I’m not sure if Jack was ever aware of this letter, or his dying mother’s admonition to use a relationship with a higher power to deal with life. But he didn’t. I’m not exactly sure what kind of exposure he had to spiritual traditions, but in his last few years, at least, he professed to be an atheist. That was likely something that he developed (understandably) throughout his experiences of war. Maybe he felt that way from a young age because his mother was taken from him when he was in first grade. Maybe he didn’t understand how so many unfair things could happen to such good people. I don’t know.
But I wonder if things might have been different if he believed in some kind of just and loving Source. I wonder how his perspective might have been different had he explored with a more open heart the beauty and peace that comes to many people who choose (and it is a choice) to believe in a Creator of some kind.
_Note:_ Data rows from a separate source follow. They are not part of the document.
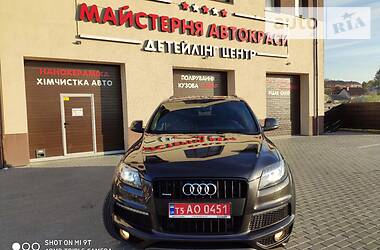 Позашляховик / Кросовер Audi Q7 2014 в 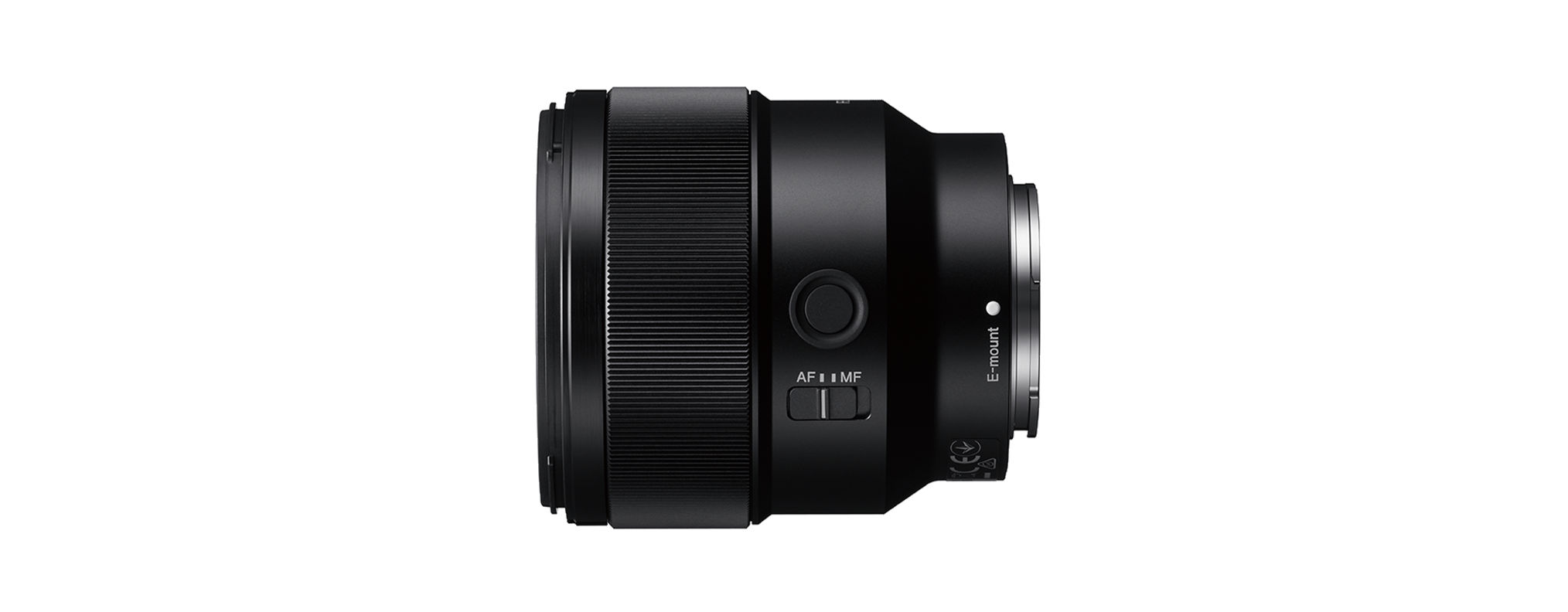 Ein schwarzes Kameraobjektiv mit Fokuseinstellungen und E-Mount sichtbar, isoliert auf weißem Hintergrund.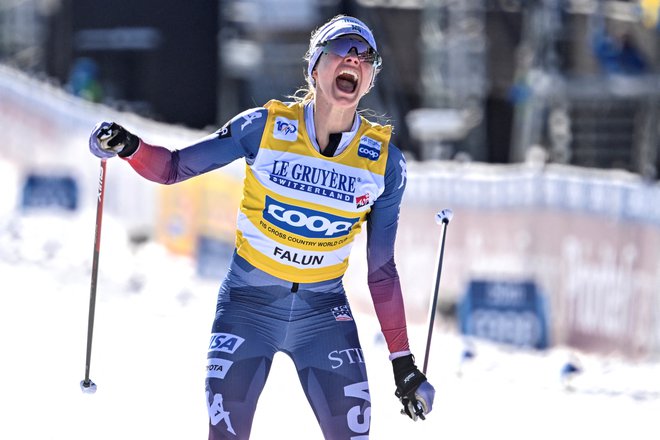 Jessie Diggins brani lansko zmago. FOTO: Anders Wiklund/Reuters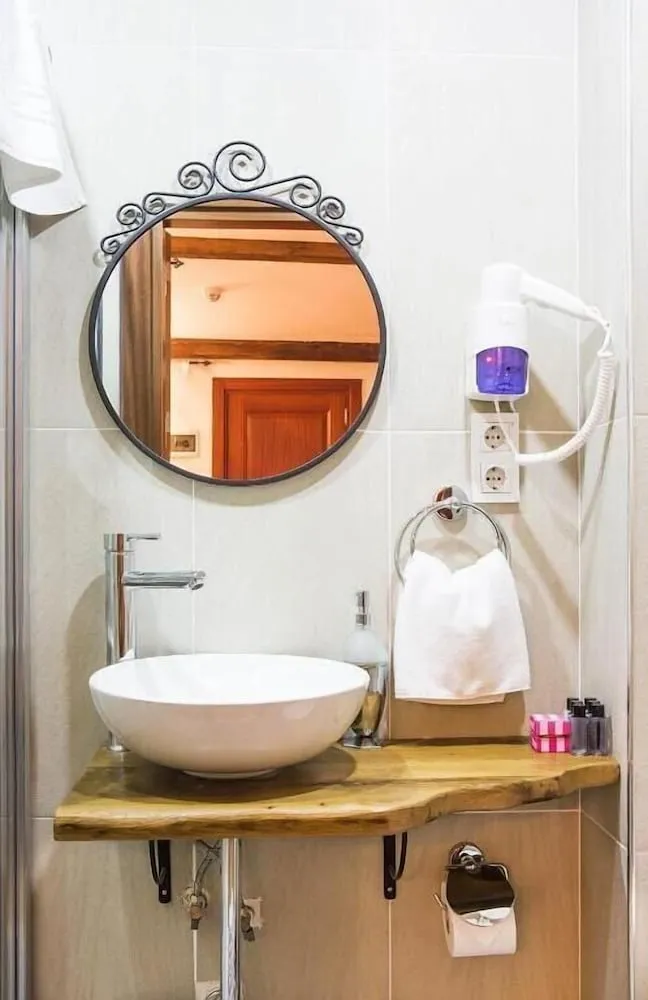 Deluxe Oda, 1 Çift Kişilik Yatak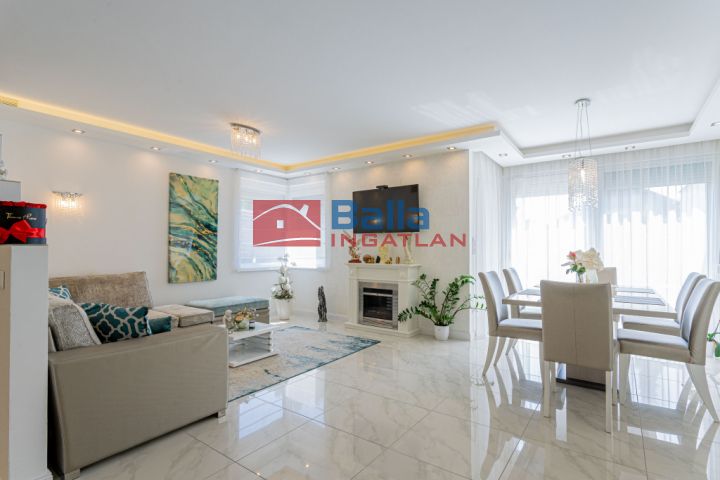 Eladó 182 m²-es ikerház Mogyoród, Fóti út: 188'000'000 Ft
It is my conviction that this kid has not truly departed, but has only changed. Maybe like the caterpillar emerging from the cocoon becomes a butterfly, he is flying in some beautiful form and may even be visiting my wife and our home this weekend.
I’m sure his spirit lives on, and I’m sure that his perspectives on some things are different now.
So are mine.
In the time that has passed over the last 364 days, I have made the treatment of PTSD and Veterans and volunteering with suicide prevention programs and a program called Give an Hour a high priority in my professional life. I have tried to be more genuine and my relationships and have tried to seek out people in pain. I have sought forgiveness from my wife for MY unforgiveness of HER during the most difficult year ever. I’ve tried to love more. I am changed. Like every year–but more profoundly so this past year–I am changed.
Every suicide directly affects an average of 150 people. This was a kid I barely knew. And this situation devastated my family. My wife. My children. My clients. My neighbors.
Twenty-two (22) veterans die by suicide every single day in America. Let’s talk about this. Let’s love each other. Remember that every one is experiencing some form of pain. Everyone.
Suicidal thoughts are symptoms. Suicide is a medical condition.
It can be prevented.
I’ve learned so much in the past 364 days since Jack lost his battle with PTSD, more than I could ever describe in a single blog post. But I am proud to be standing here. I am proud to be married. I am happy to have one more day to be alive and to hug my kids and live in this great land and be married to my best friend. I am humbled and grateful.
Post Script: I wrote this while my wife was at work today. She never even knew I was writing this and she told me the most curious butterfly, a yellow one, was flying around her today inside the indoors of her building. When she told me that, I almost laughed and cried at the same time. Life is just one extremely special educational experience. Make it count.
If you or someone you know is thinking of suicide, please reach out to 1-800-273-8255 (24 hours per day) or visit your nearest emergency room.